This is the season to count blessings. India's greatest blessings are its adherence to the democratic system of governance, an independent judiciary, a free and fearless media, and an Election Commission that inspires confidence. I hope that soon India will have an independent and effective Lokpal, which will pave the way for a corruption-free India, a pre-requisite for a hunger-free India.

The other major paradigm shift observed in recent years is the substitution of political patronage with legal rights. Thus, a few years ago, the United Progressive Alliance government, then supported by the Left parties, enacted legislation designed to confer entitlements to information, education and work, in the third case the Mahatma Gandhi National Rural Employment Guarantee Scheme. Tribal families and other forest-dwellers have been conferred the right to land. The brightest jewel in the crown of Indian democracy will be the conferment of the right to food through the National Food Security Act, recently introduced in Parliament. When it is implemented, this country will have taken the essential steps necessary to convert Gandhiji's dream of a hunger-free India into reality.
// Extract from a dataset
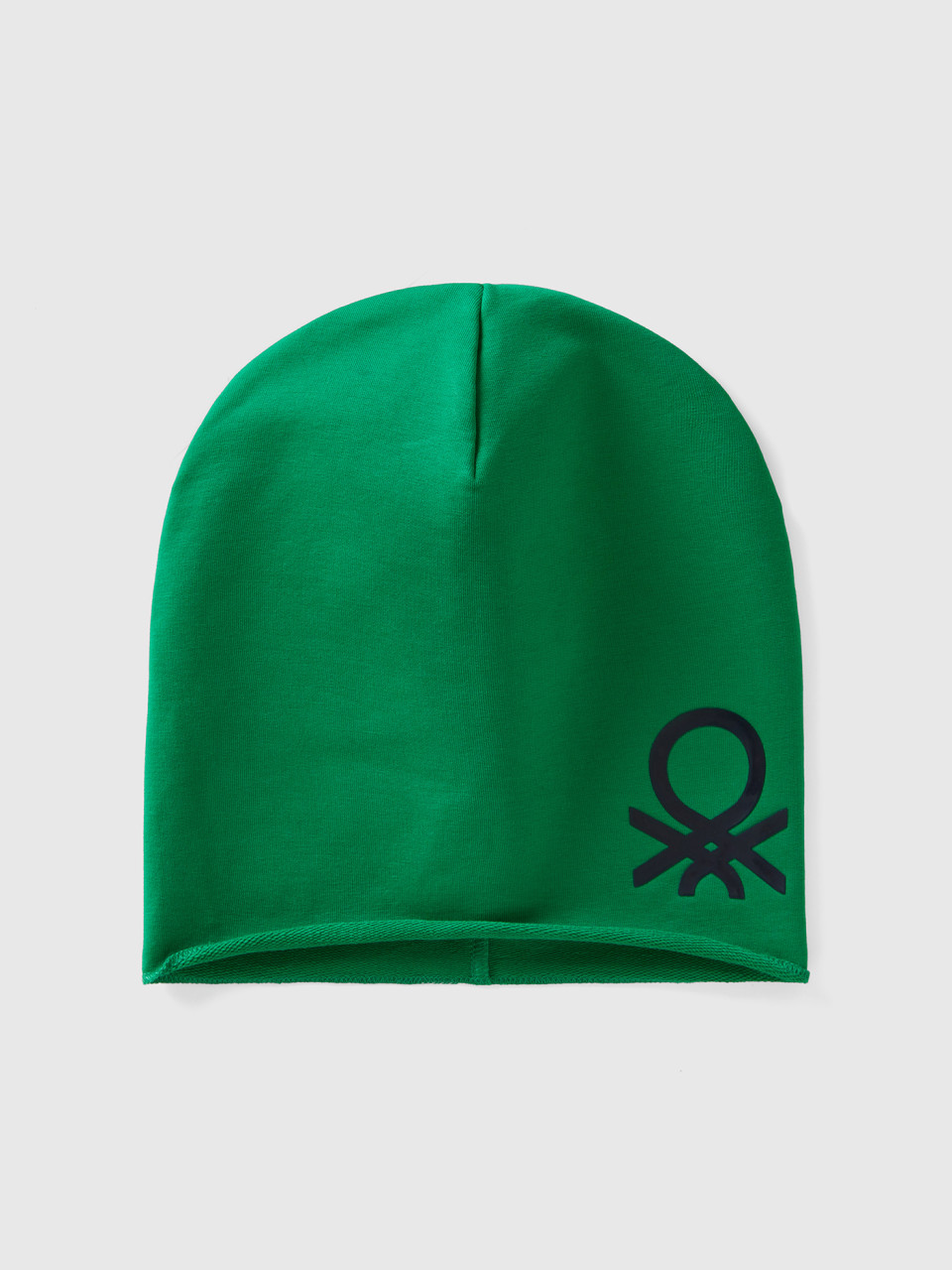 Benetton, Hat In Stretch Cotton, Green, Kids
It is important to realise the significance of the Act in the light of the conditions that prevailed in India during the first 20 years after Independence. During the 1960s, India was the largest importer of food aid, mainly under the PL480 programme of the U.S. In fact, during 1966, over 10 million tonnes of wheat was imported, leading to India being labelled as a nation surviving on a ship-to-mouth basis. Today, India is set to commit over 60 million tonnes of home-grown wheat, rice and nutri-millets to fulfil the legal entitlements under the Food Security Act. When it becomes law, India will operate the largest social protection programme against hunger in human history. How did this transition occur? Here is the historical context in which we should view the Act.

Role of Green Revolution

The Bengal Famine of 1942-43, which claimed over two million lives, provided the backdrop to India's Independence in 1947. The country's population was then a little over 300 million, that is, 25 per cent of the current population. In 1947, not more than 30 persons could be fed at a wedding; today money is the only limit to the number of people who can be entertained on such occasions. Prime Minister Lal Bahadur Shastri even issued an appeal that every Indian should fast one day a week in order to enable the government to balance the food budget.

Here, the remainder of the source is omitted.